TASK OBJECTIVE: Give back the data exactly, with no images.

(Short text fragments from websites)

>>

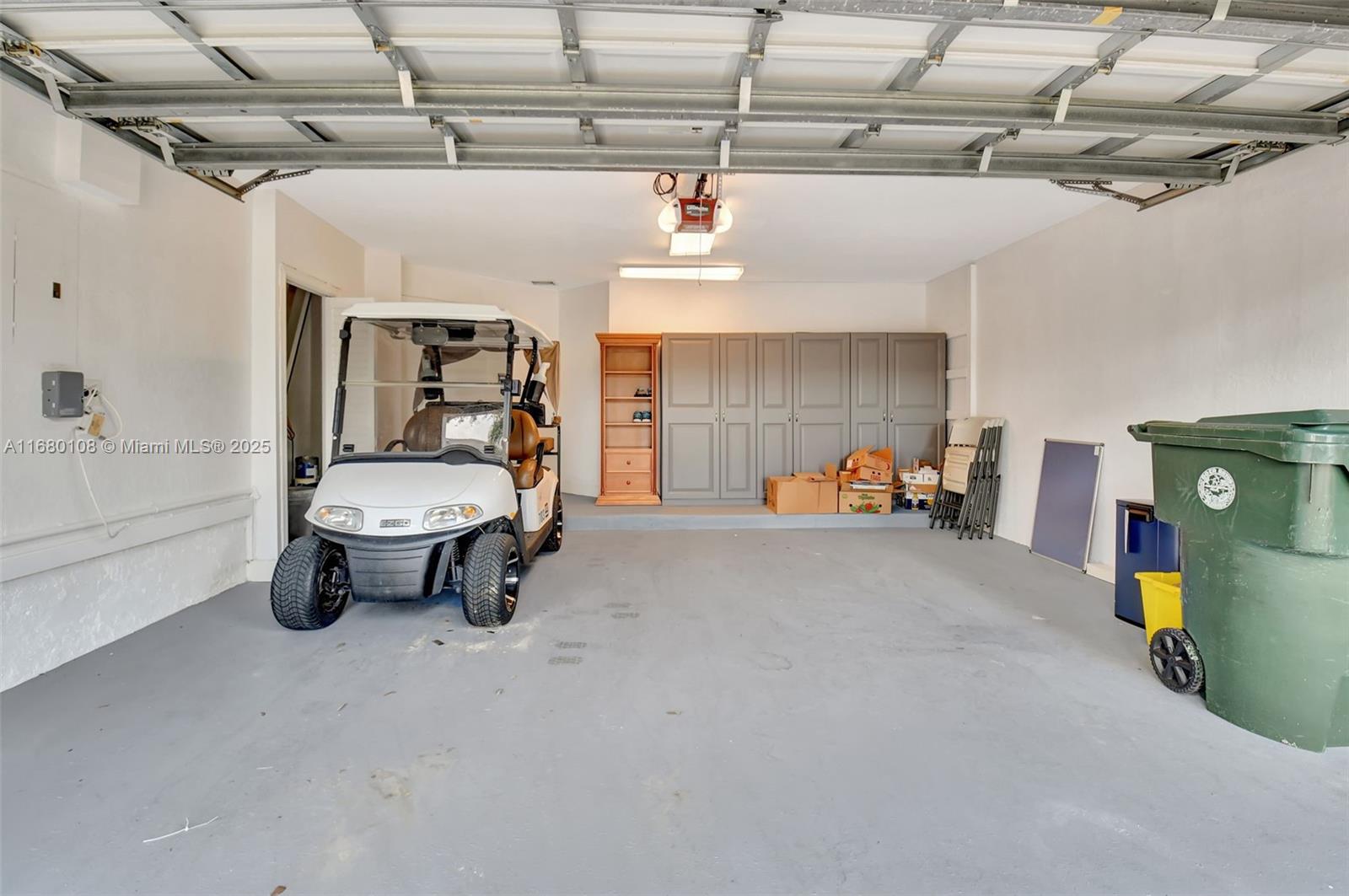 KENSINGTON AT WOODFIELD C - Residential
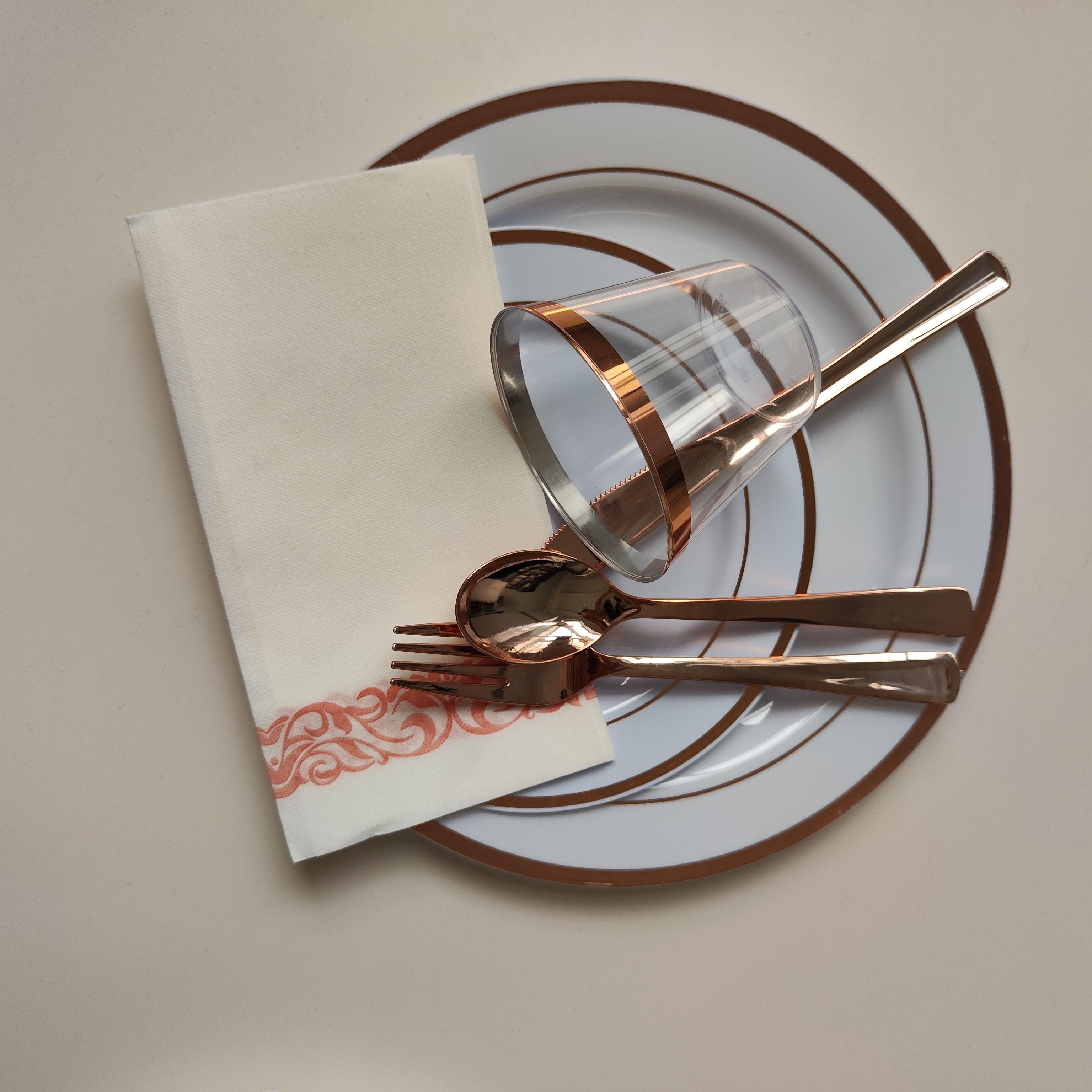 ขอบสีโรสโกลด์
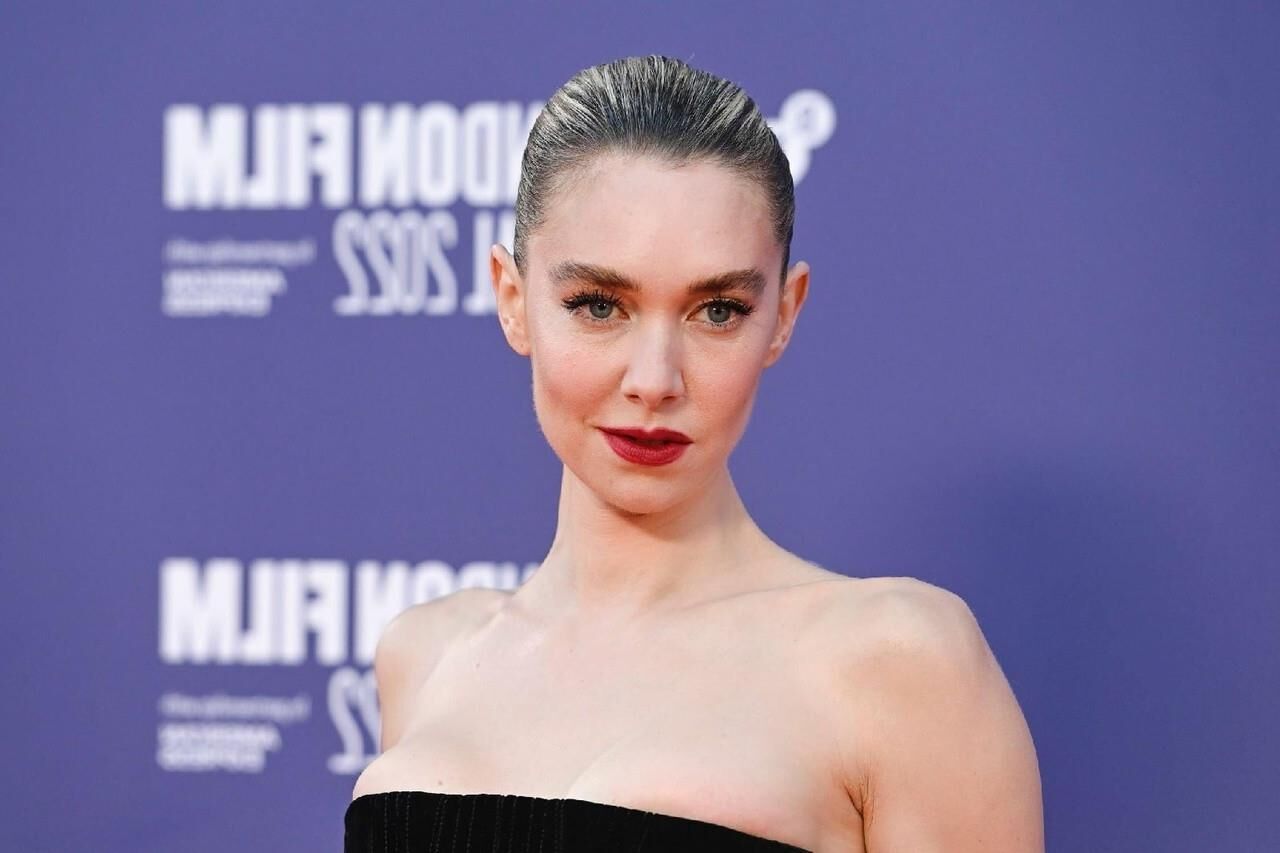 Tits Vanessa Kirby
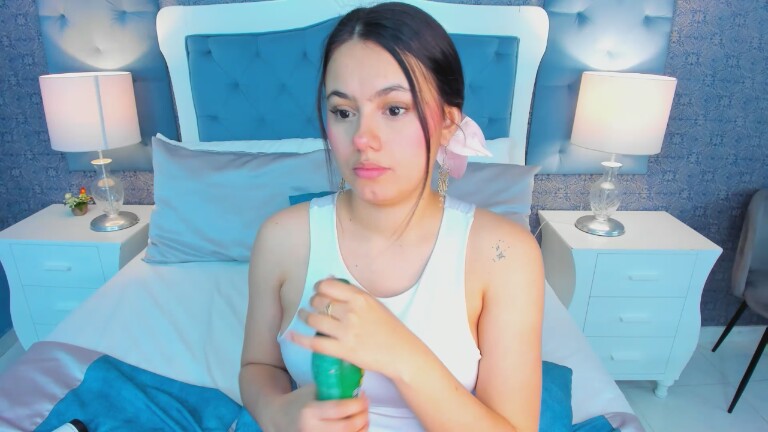 SusyLuv's Streamate show and profile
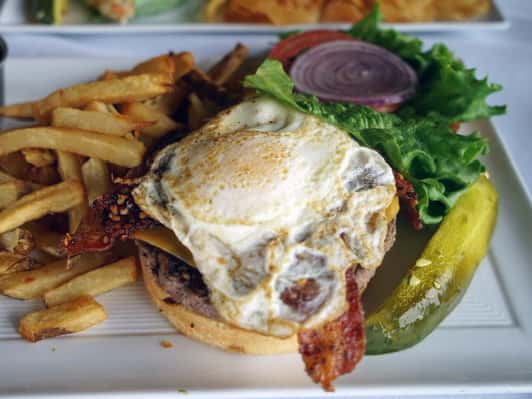 PIER 22 Burger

<<

TASK SOLUTION:
 KENSINGTON AT WOODFIELD C - Residential
 ขอบสีโรสโกลด์
 Tits Vanessa Kirby
 SusyLuv's Streamate show and profile
 PIER 22 Burger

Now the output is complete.